There has probably never been a runner who combines so many skills with an instinctive awareness to use whatever has to be used--speed, power or elusiveness--at any given instant.
The Rams (3-0) are playing as if they might be a team of destiny:
--On opening day, they met a Denver club that wound up playing without four of its eight defensive backs, including three starters. Thus, the Broncos couldn't use their five-back defenses on decisive pass plays.
--In their second game, the Rams played against a rookie quarterback, Randall Cunningham of Nevada Las Vegas, in his first pro start for Philadelphia.
--On the key play of their third victory, after the Rams had moved ahead, 14-7, Seattle fumbled away the kickoff on the Seahawk two-yard line. The easy touchdown made it 21-7 and took the Seahawks out of the game.
That is often the way champions get things done in a competitive league.
Would John Elway have been the first quarterback drafted in 1983 if NFL scouts had known then what they know now about Dan Marino?
That question will get something of a game-day answer in Denver Sunday when Marino comes in with the Miami Dolphins (2-1) to meet Elway and the Denver Broncos (2-1).
The Denver defensive backs who missed the Ram game three weeks ago are expected to return, all except Dennis Smith, the safety the Broncos need the most.
So Marino may win this one. But maybe not. Talented quarterbacks, unlike running backs, keep improving in the NFL--and Elway is no exception.
Five of the six quarterbacks picked in the first round of the NFL's 1983 draft are starting.
They are Tony Eason of New England, Ken O'Brien of the Jets and Jim Kelly of the USFL's New Jersey Generals, plus Elway and Marino.
The only nonstarter is Todd Blackledge of Kansas City, whose offense was shut out by Miami Sunday, 31-0.
Dave Wilson, formerly of Illinois, is still holding on as the New Orleans Saint quarterback against the challenges of Richard Todd, for whom the Saints gave up a first draft choice, and Bobby Hebert, to whom they have paid or promised $3.5 million.
This week, after Wilson had led the Saints to a 20-13 victory over Tampa Bay, Saint Coach Bum Phillips said: "What I really liked about him and appreciated about him is that he didn't let last week get him down."
The previous week, Wilson had completed 2 of 22 with 2 interceptions.
Perhaps that says something about Todd and Hebert.
A team on the way up, Chicago, will play one that seems to be on the way down, Washington, at Soldier Field Sunday.
The Bears had already begun their move last winter when they upset Washington in the playoffs, 23-19. They sacked Redskin quarterback Joe Theismann seven times that afternoon, and he hasn't been the same since.
The other day, Theismann told Washington reporters: "In a way, I'm almost glad we're playing the Bears this week. We're gonna find out what kind of guts we have."

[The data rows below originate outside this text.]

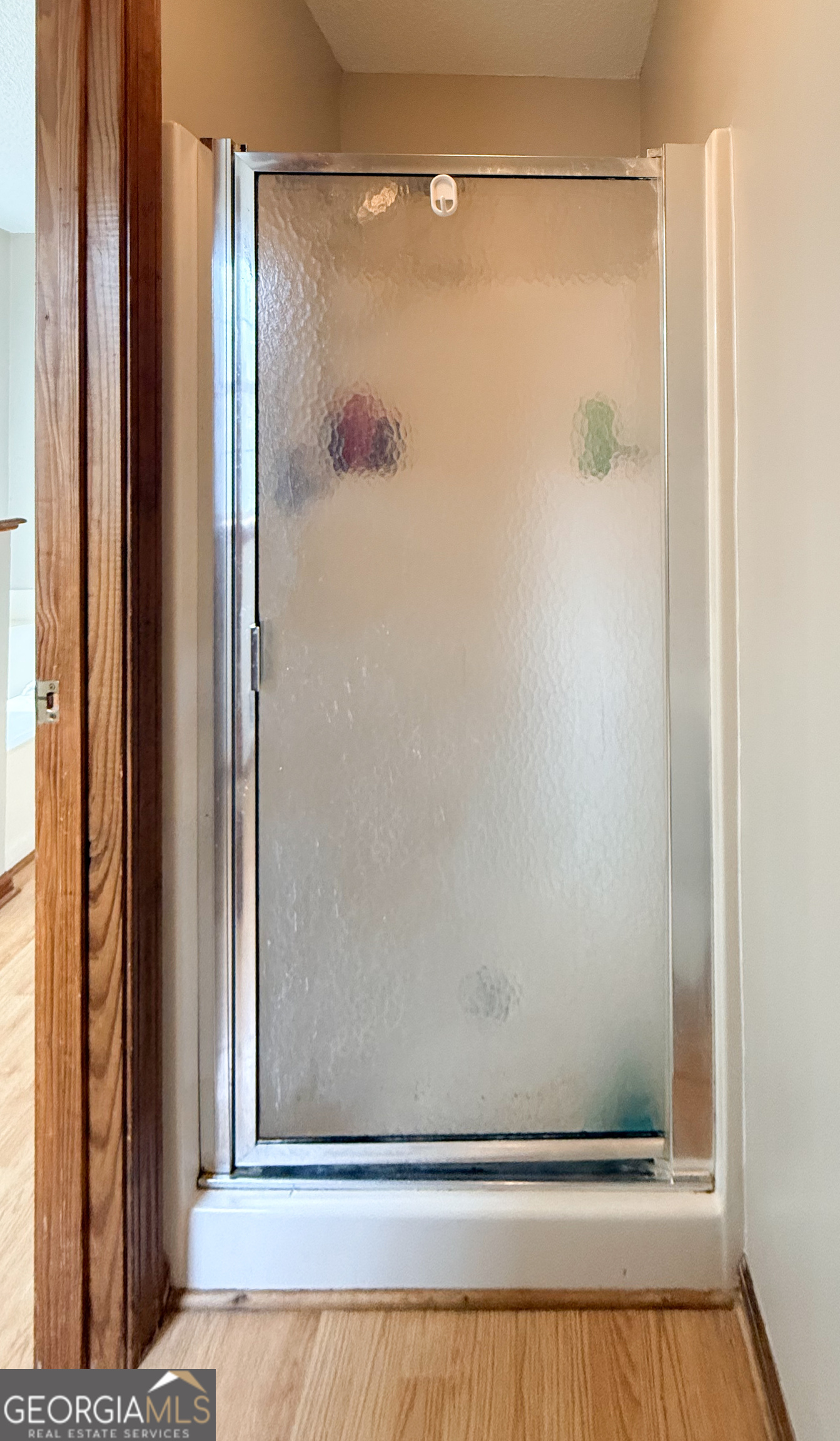 354 Prairie Flower Drive Cleveland, GA 30528 - Photo 22 of 49 a view of a bathroom with a glass door
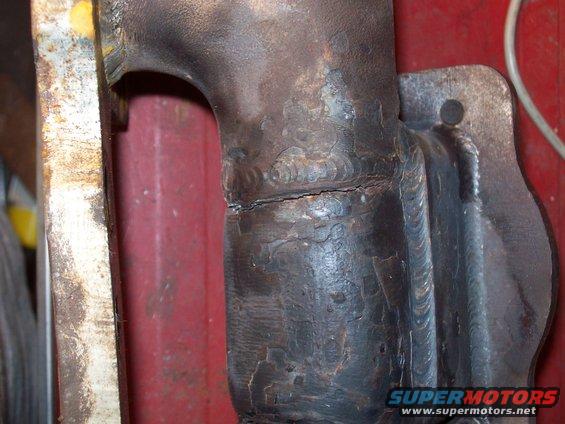 Cracked exhaust manifold with visible weld repairs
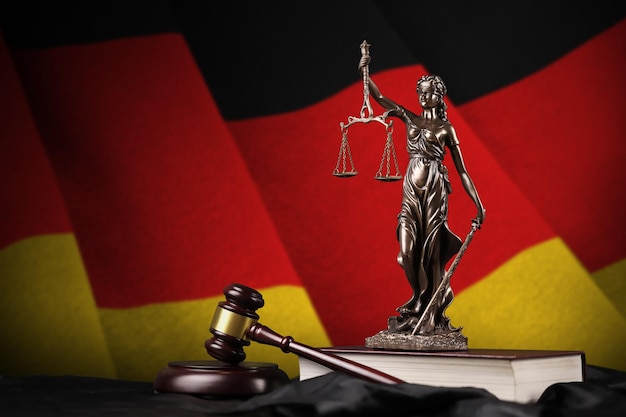 Germany flag with statue of lady justice constitution and judge hammer on black drapery Concept of judgement and guilt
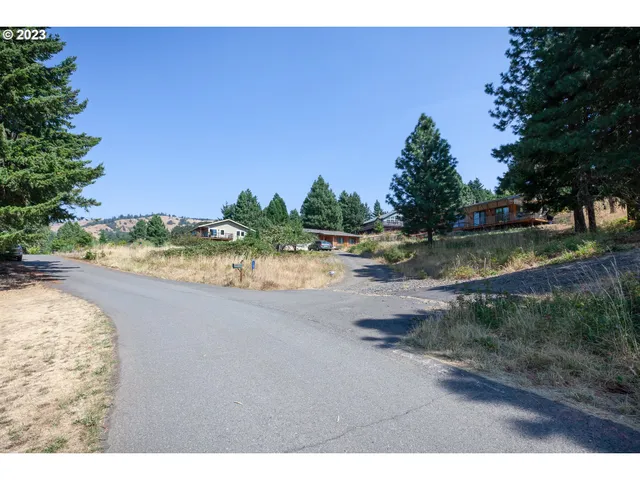 a view of a lake with beach and trees in the background
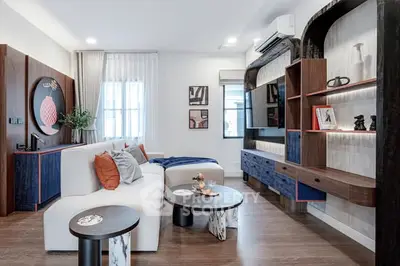 Modern living room with stylish decor and contemporary furniture, featuring a cozy seating area and elegant shelving.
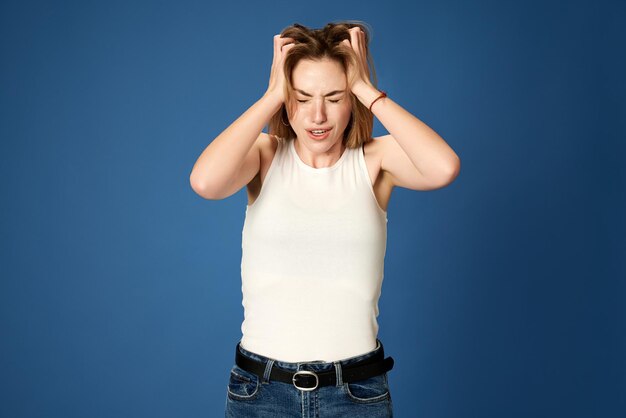 Portrait of young girl holding head with hands suffering from stress and depression against blue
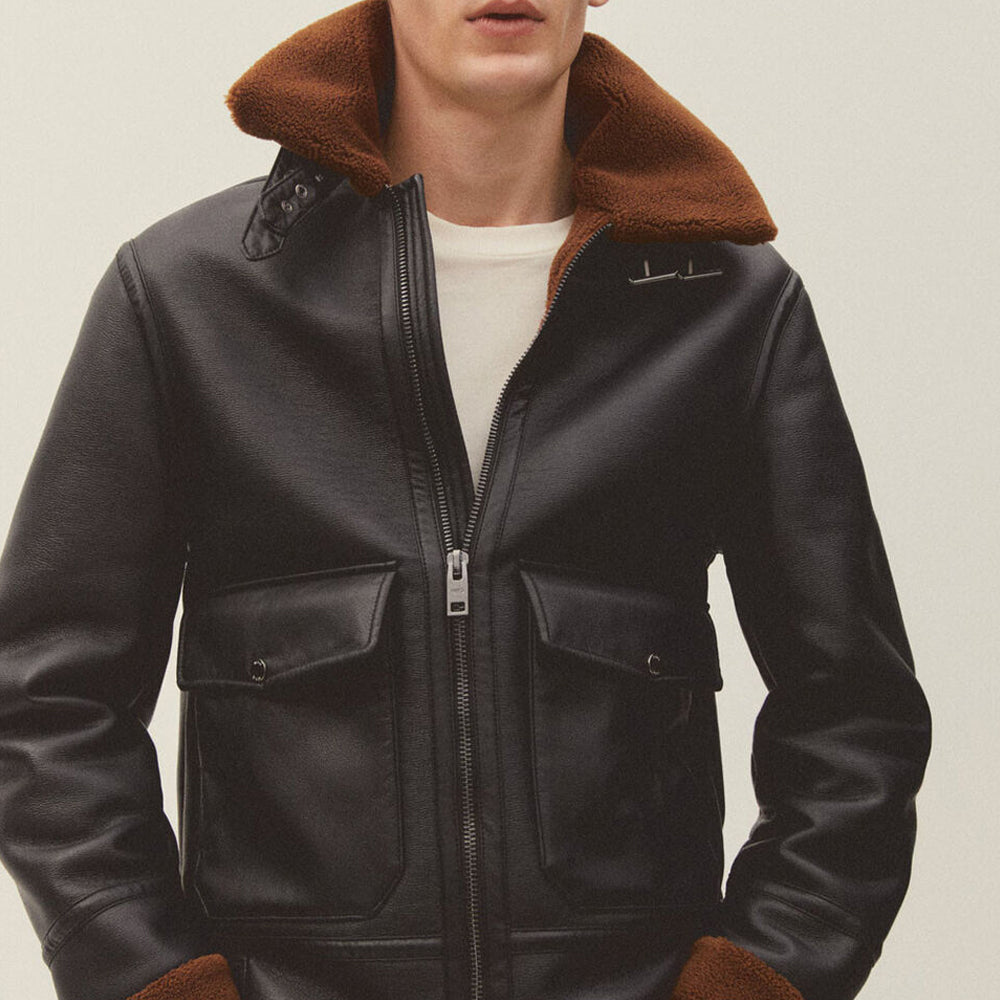 Front view of model wearing men's black shearling bomber jacket unzipped over white t-shirt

Charlie Joiner of the San Diego Chargers, who at 37 has played in more NFL games than any wide receiver, still hasn't lost a step, Charger quarterback Dan Fouts maintains.
"I can honestly say that Charlie hasn't changed since the first time we met in 1976," Fouts said. "Oh, he might have a little less hair on top."
NFL defensive coaches have said for years that they can stop any quarterback who can't throw the long pass accurately.
Such a defect in an otherwise capable passer enables the defense to tighten its coverages in the shorter ranges while largely ignoring the possibility of a bomb.
The unique thing about Joe Montana is the success he has in the San Francisco offense with an arm that is too weak and too inaccurate to reach a deep sideline target, or even the relatively easier bomb target down the middle.
Some coaches would look at Montana and say: "I can't win with this guy."
In fact, it is because he lacks a classic NFL arm that Montana was passed over by every team until the third round of the 1979 draft.
The explanation for Montana's achievements with the 49ers is that his coach, Bill Walsh, has designed an offense that fits him.
Years ago at San Diego, Walsh did the same for Dan Fouts--who is as different from Montana as a quarterback can be and still excel in the same sport.
To a degree that is insufficiently appreciated, a coach and quarterback are a team. Good passers have a tough time winning without good coaches. On the other side of the coin, it can be said of good coaches that they almost always have--almost always find--good quarterbacks.